**What to work on**
In the material below, the lines between the one holding "Focus Mode Acrylic Keychain (achterkant)" and the one holding "Video: Sind Sie", inclusive, are to be set down word for word. Pictures stay out.

**Records to use**
■ ■ ■ ■ ■ ■ ■

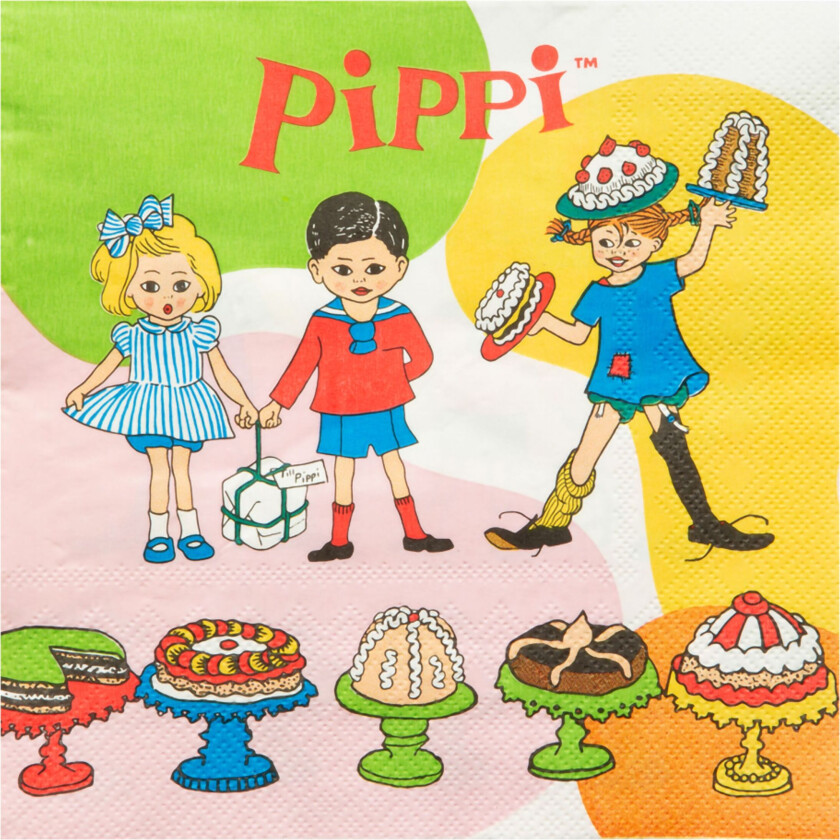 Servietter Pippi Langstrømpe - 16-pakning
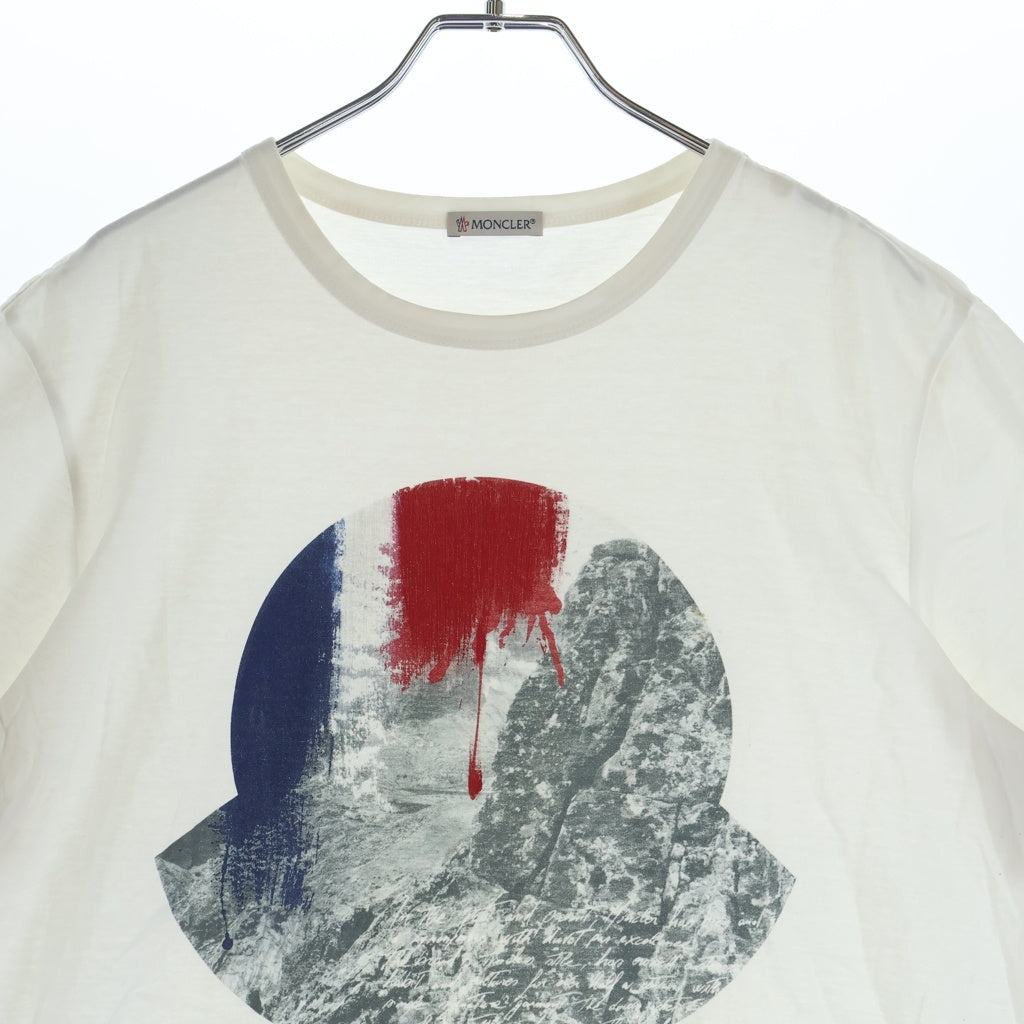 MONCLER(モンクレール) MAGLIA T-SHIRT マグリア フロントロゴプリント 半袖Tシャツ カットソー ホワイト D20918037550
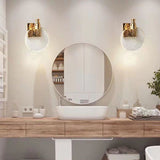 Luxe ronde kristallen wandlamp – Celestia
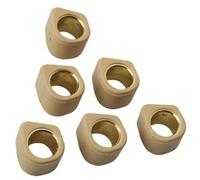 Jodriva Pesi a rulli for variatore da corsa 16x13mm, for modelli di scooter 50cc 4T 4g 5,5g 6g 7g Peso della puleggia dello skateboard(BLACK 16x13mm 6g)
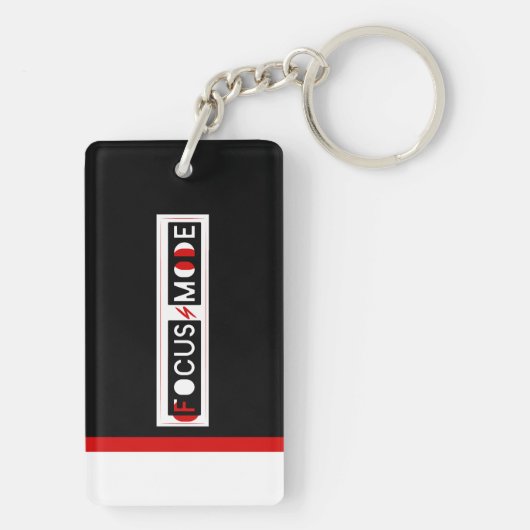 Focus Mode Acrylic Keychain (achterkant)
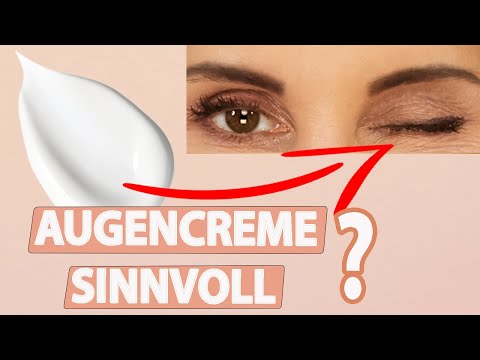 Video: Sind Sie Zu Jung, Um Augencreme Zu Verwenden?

■ ■ ■ ■ ■ ■ ■

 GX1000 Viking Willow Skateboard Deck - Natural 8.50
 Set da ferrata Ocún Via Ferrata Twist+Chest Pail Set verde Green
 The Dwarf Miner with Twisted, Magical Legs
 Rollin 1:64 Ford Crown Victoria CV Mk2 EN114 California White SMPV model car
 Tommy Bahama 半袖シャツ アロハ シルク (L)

■ ■ ■ ■ ■ ■ ■

**Solution below**
 Focus Mode Acrylic Keychain (achterkant)
 Video: Sind Sie Zu Jung, Um Augencreme Zu Verwenden?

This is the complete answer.